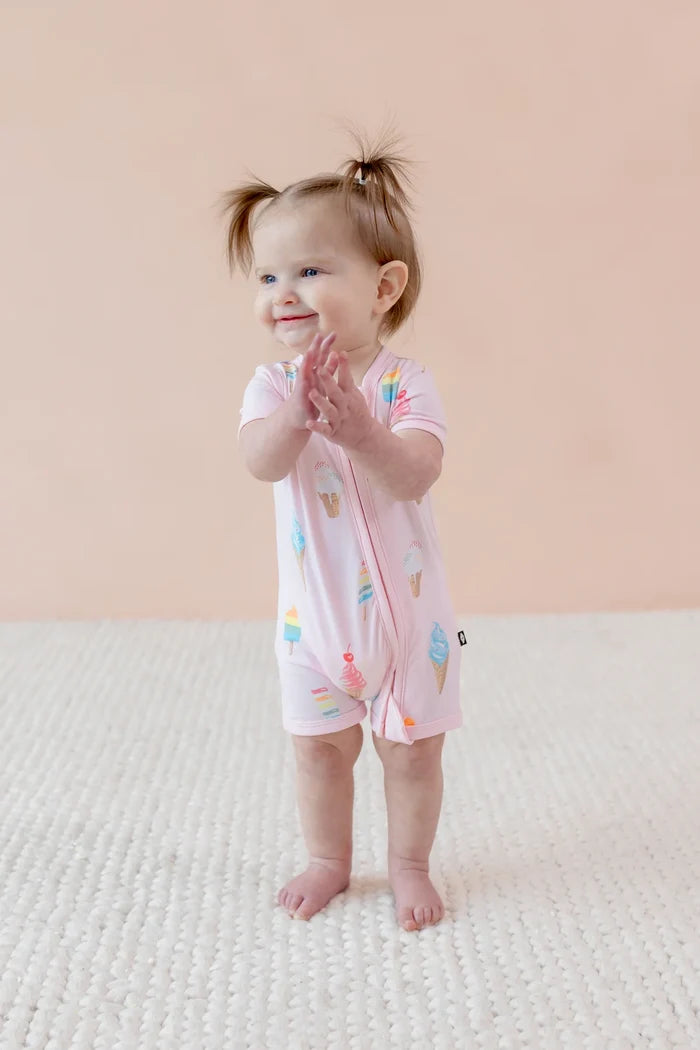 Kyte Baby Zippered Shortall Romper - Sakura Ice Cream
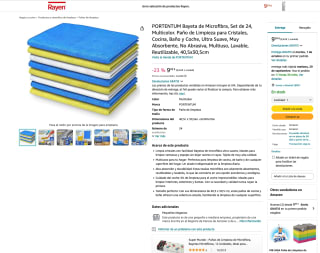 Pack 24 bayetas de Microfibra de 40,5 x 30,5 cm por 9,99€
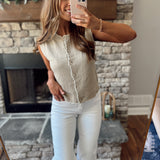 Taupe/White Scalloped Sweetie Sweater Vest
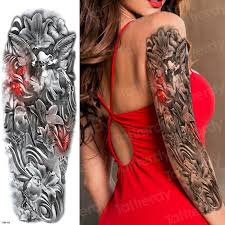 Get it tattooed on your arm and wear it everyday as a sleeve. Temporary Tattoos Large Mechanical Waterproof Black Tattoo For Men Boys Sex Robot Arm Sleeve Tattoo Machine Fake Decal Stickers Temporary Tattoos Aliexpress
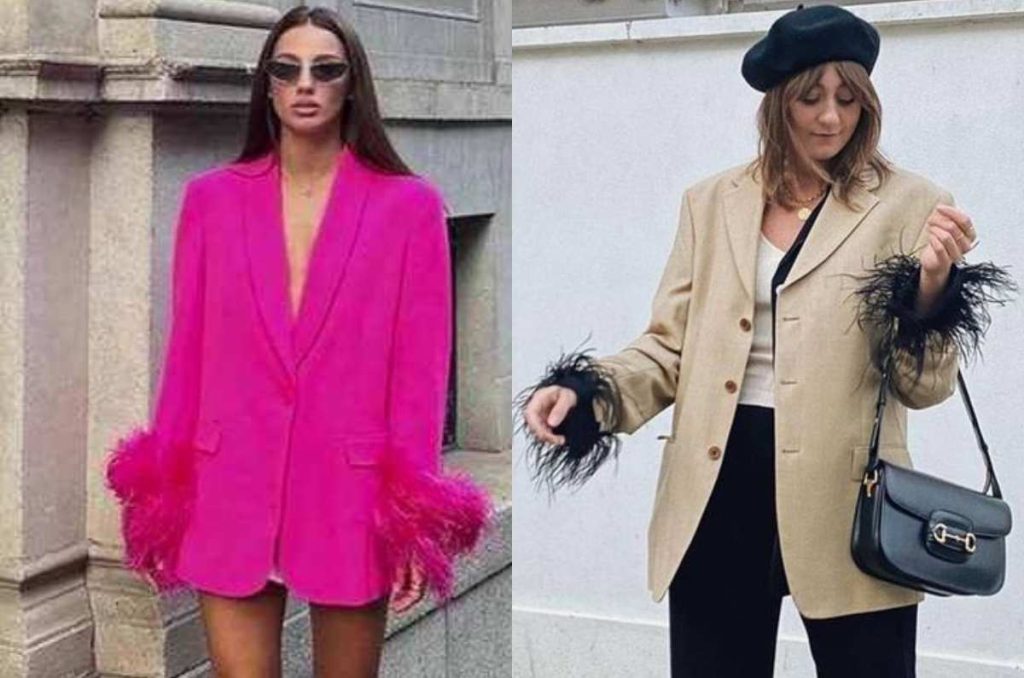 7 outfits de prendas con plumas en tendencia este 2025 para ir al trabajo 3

********************

— What needs to be done —
Everything above from the line with "Taupe/White Scalloped Sweetie Sweater Vest" through the line with "Get it tattooed" should be retyped exactly, and nothing else; omit pictures.

— Exercise output —
 Taupe/White Scalloped Sweetie Sweater Vest
 Get it tattooed on your arm and wear it everyday as a sleeve. Temporary Tattoos Large Mechanical Waterproof Black Tattoo For Men Boys Sex Robot Arm Sleeve Tattoo Machine Fake Decal Stickers Temporary Tattoos Aliexpress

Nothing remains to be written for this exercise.